However, a few years ago i recreated a Facebook profile (this time a pseudonym
with initially 0 friends) because some of the events i'm interested in (local
music/art galleries for example) _only_ publish their events on Facebook, it
seems. No mailing list available, invariably. This is a pity, because i don't
have friends to rely on to drag me to the good gigs (i like to keep up-to-date
with local experimental music, for example, which my friends don't care for).

And, the problem too, is that inevitably, i've made one or two friends with
that account, partly with my previous FB experience in mind, and partly
because they seemed belligerently anti-email (and texting isn't practical when
you're in another country). So now i'm far from being back to square one, and
i only look at Facebook about once every month, but i still would love to just
get rid of it, except i don't really know how to handle musicians and artists
who only publish their upcoming events on Facebook.
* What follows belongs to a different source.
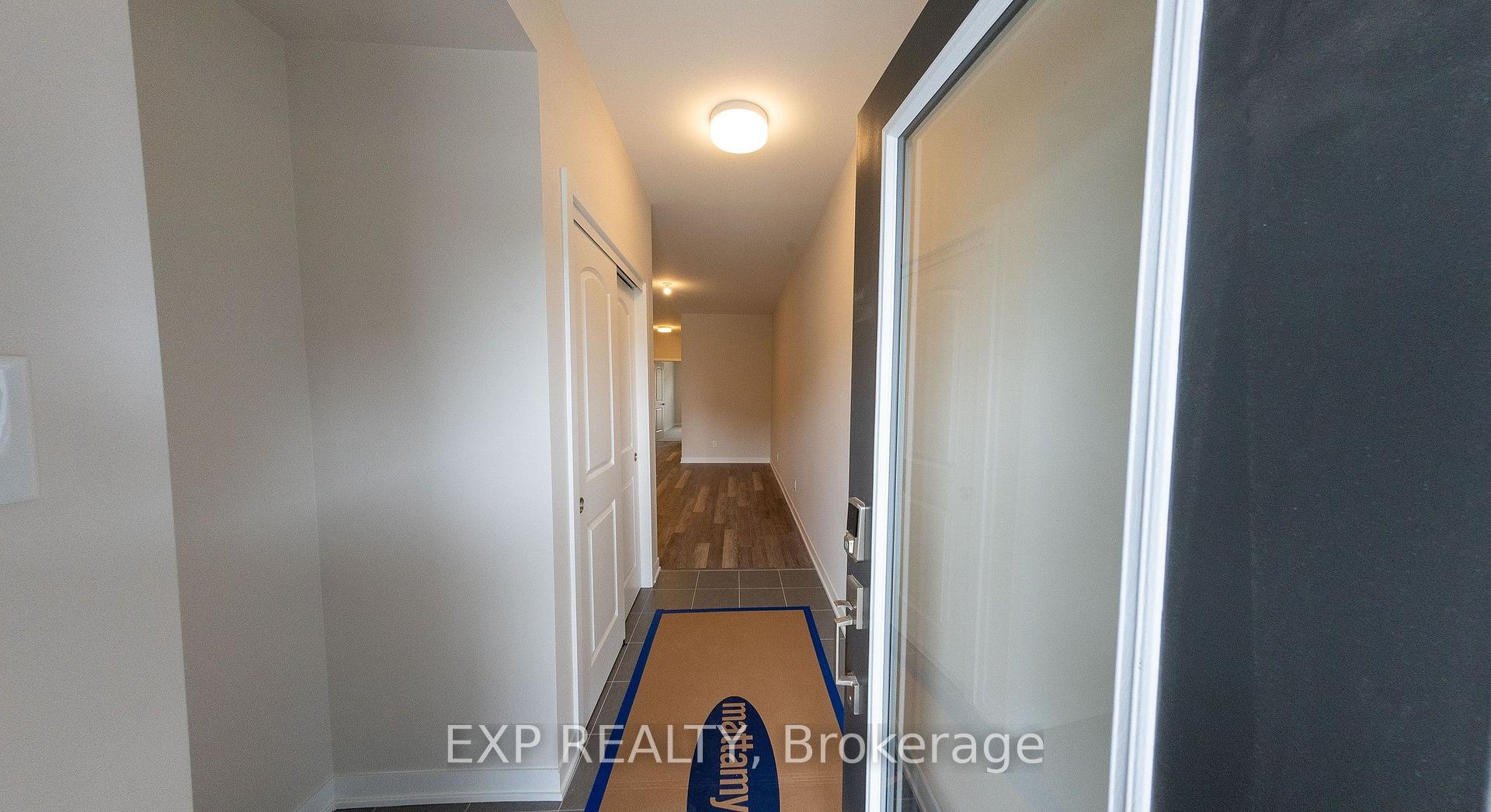 Photo 2 of 206 Lillian Freiman Private, Ottawa, Barrhaven - Half Moon Bay — HOMEH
But aside from that, the
comments are spot on. If people can't be arsed to email me if i prefer email
(and i, too, believe that i am easily google'able), they're probably not
really worth chasing.

Does that exist? Like-on-Facebook-and-relay-via-email-as-a-Service?

------
jgrahamc
A related question is "Should you sign up for Facebook today?". Five years ago
I killed my Facebook account (and LinkedIn and G+) and it hasn't bothered me,
but... am I missing out on something?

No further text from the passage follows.